_WHAT THE EXERCISE ASKS:_
Copy out the full listing exactly, omitting any picture it contains.

_SOURCE MATERIAL:_
■ ■ ■ ■ ■

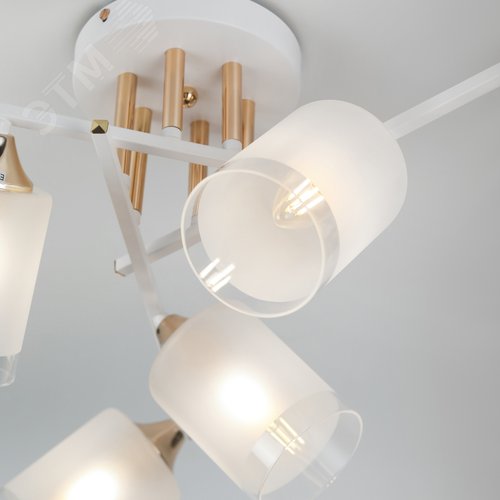 Люстра 6хЕ27 60Вт 9144-205 модерн Georgiana - фото 10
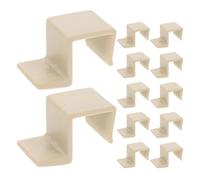 MOBUTOFU 12 pezzi di supporti per telaio letto - Staffe di supporto per ripiani della culla per tenere ferme le doghe - Accessori per sponde della culla - Ferramenta per il montaggio del letto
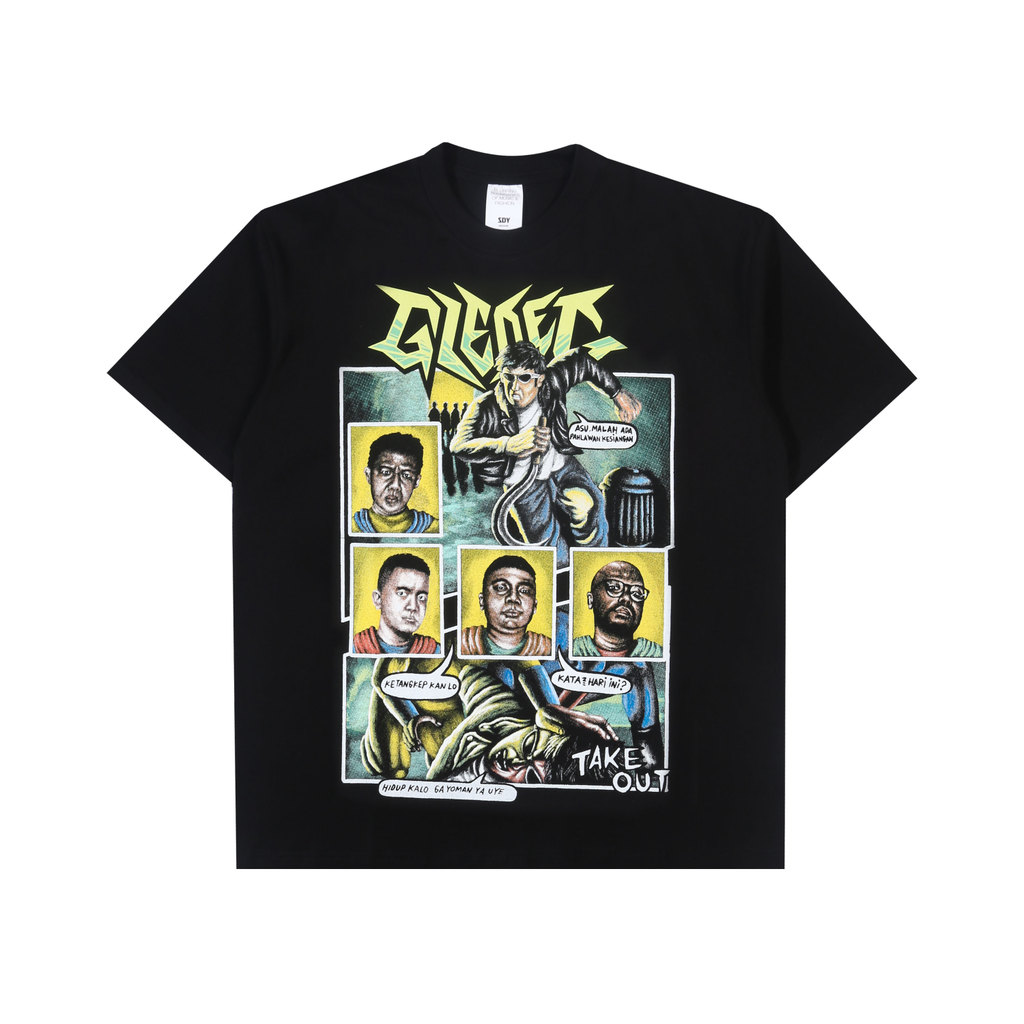 Gledeg - Fiance Hero - เสื้อยืด - สีดํา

■ ■ ■ ■ ■

_ANSWER TO THIS TASK:_
 Люстра 6хЕ27 60Вт 9144-205 модерн Georgiana - фото 10
 MOBUTOFU 12 pezzi di supporti per telaio letto - Staffe di supporto per ripiani della culla per tenere ferme le doghe - Accessori per sponde della culla - Ferramenta per il montaggio del letto
 Gledeg - Fiance Hero - เสื้อยืด - สีดํา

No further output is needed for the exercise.